== Available data ==
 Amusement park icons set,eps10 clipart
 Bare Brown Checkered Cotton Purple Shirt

==

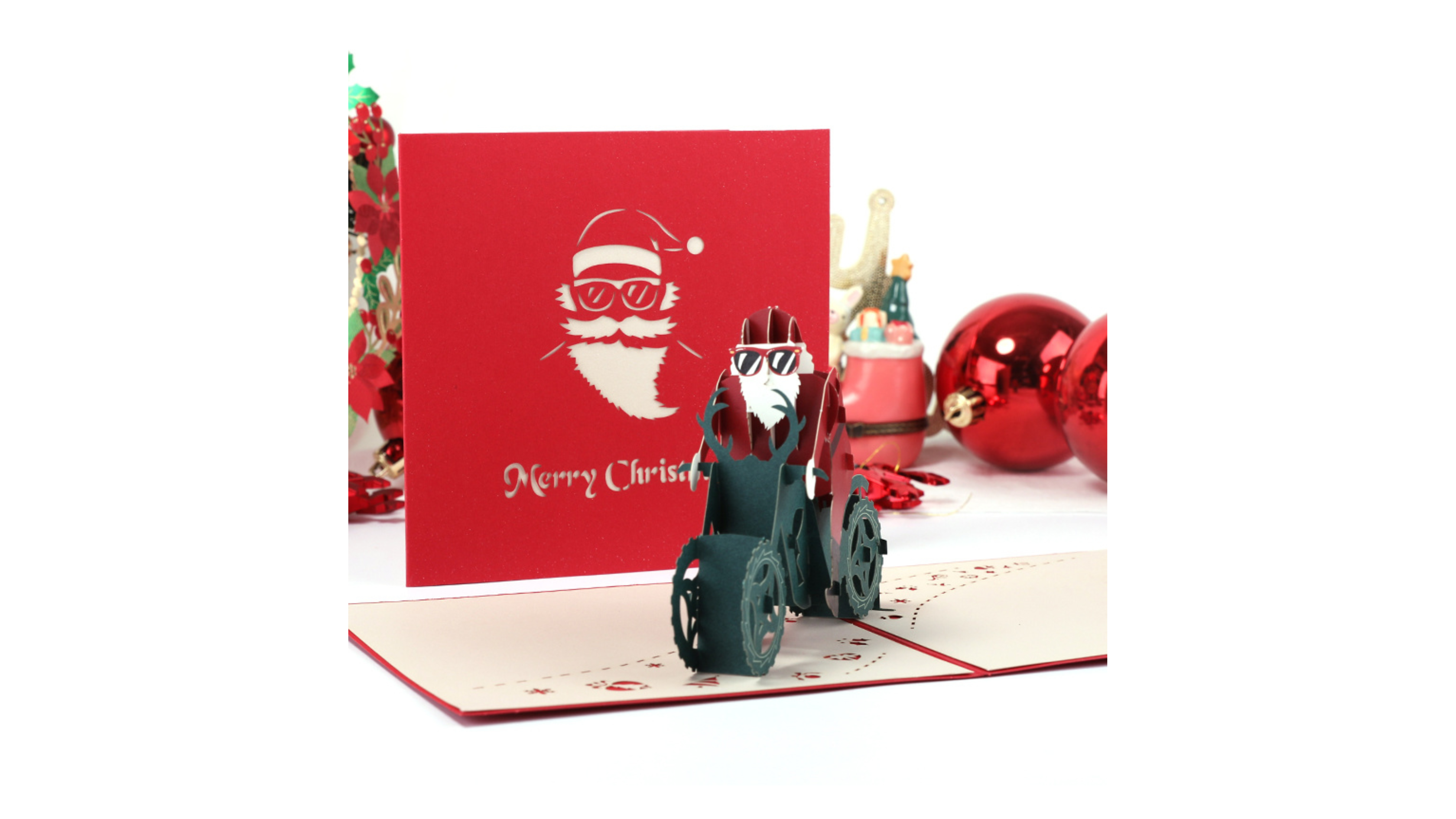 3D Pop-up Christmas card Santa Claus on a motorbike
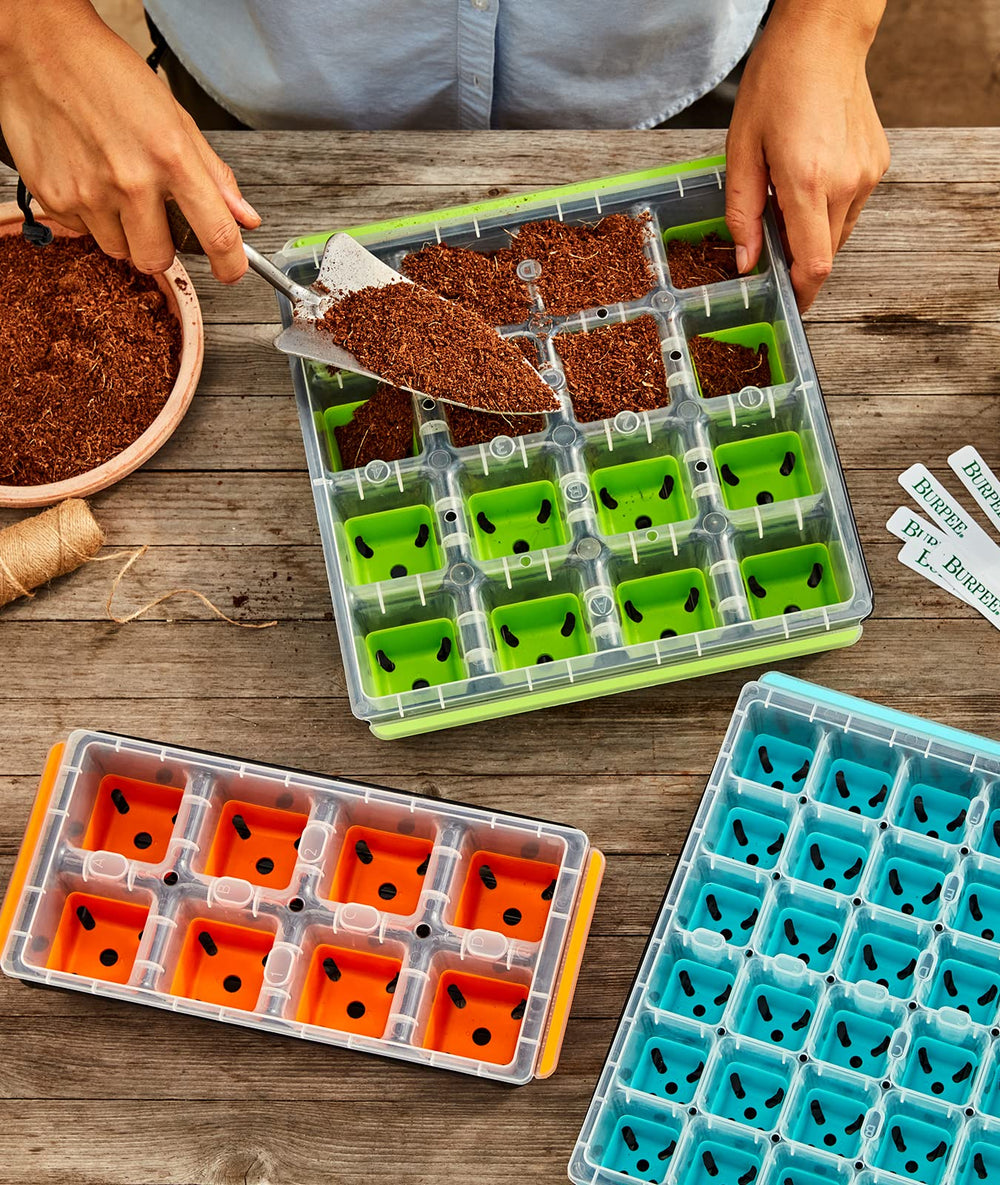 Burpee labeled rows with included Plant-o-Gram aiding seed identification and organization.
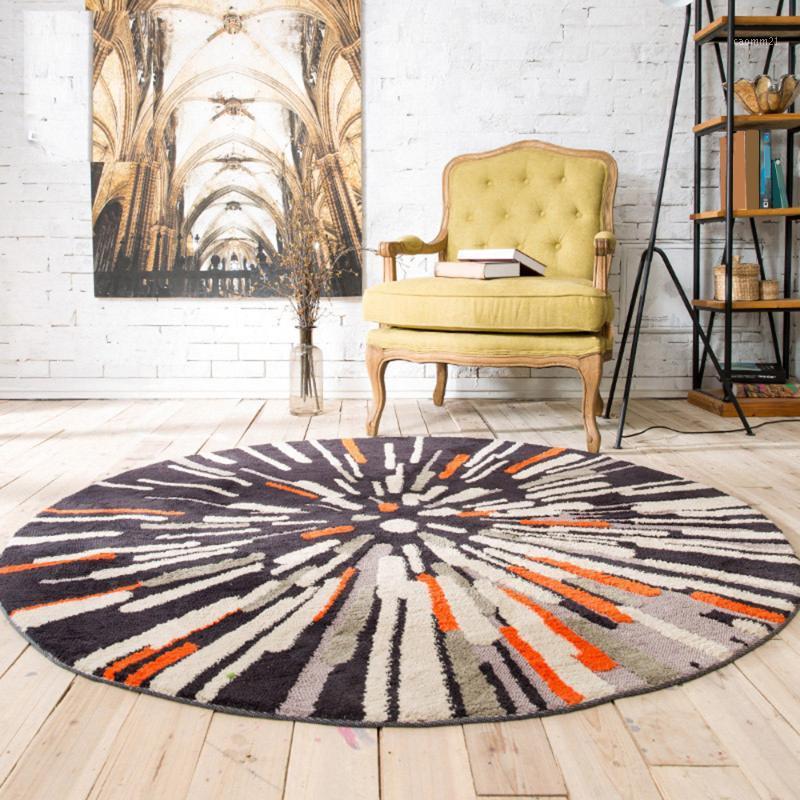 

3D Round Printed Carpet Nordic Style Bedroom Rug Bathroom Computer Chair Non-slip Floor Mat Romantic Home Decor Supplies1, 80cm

* * *

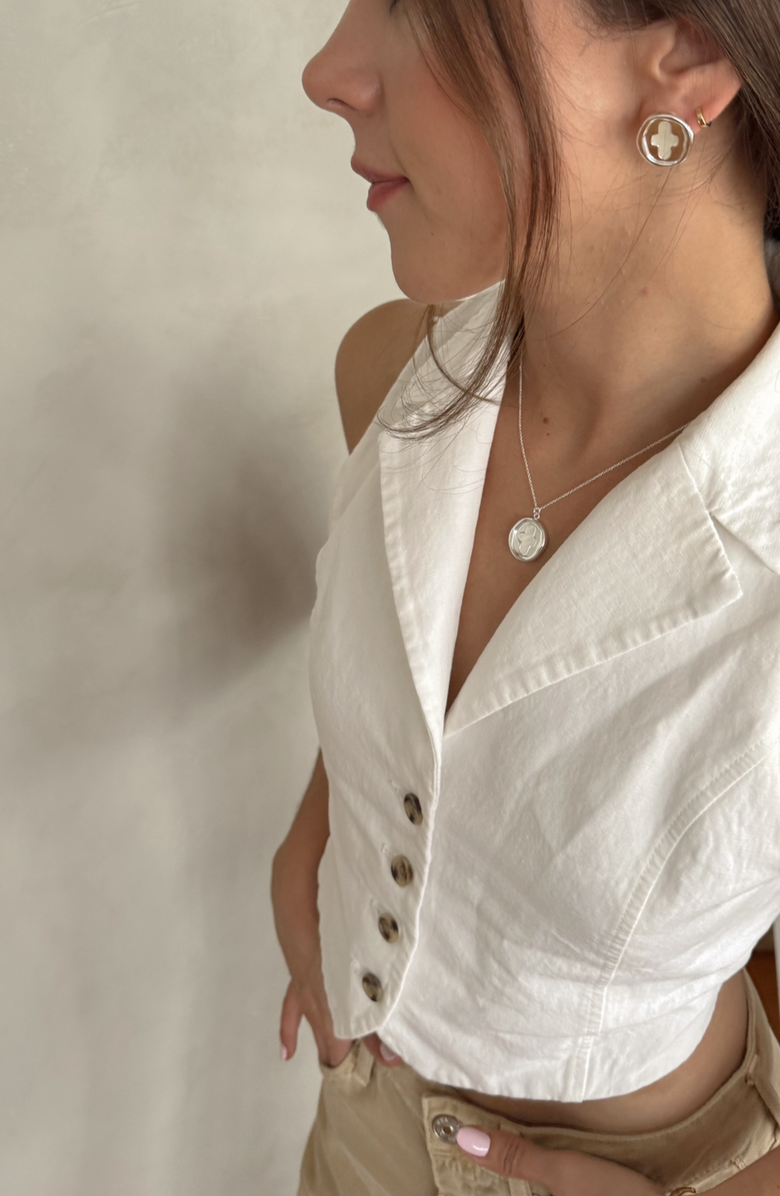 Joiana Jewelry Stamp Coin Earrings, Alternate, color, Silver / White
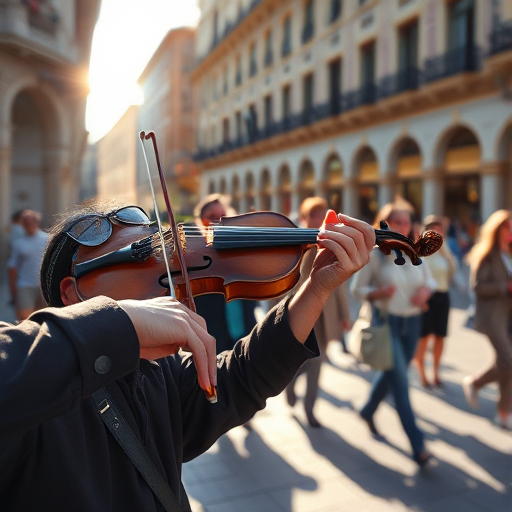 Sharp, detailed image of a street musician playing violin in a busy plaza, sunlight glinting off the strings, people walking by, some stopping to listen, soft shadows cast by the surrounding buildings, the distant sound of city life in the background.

== Assigned task ==
Looking at the data above, return every line from the one with "Amusement park icons set,eps10 clipart" down to the one with "Bare Brown Checkered Cotton Purple Shirt", exactly and inclusively.

== Your solution ==
 Amusement park icons set,eps10 clipart
 Bare Brown Checkered Cotton Purple Shirt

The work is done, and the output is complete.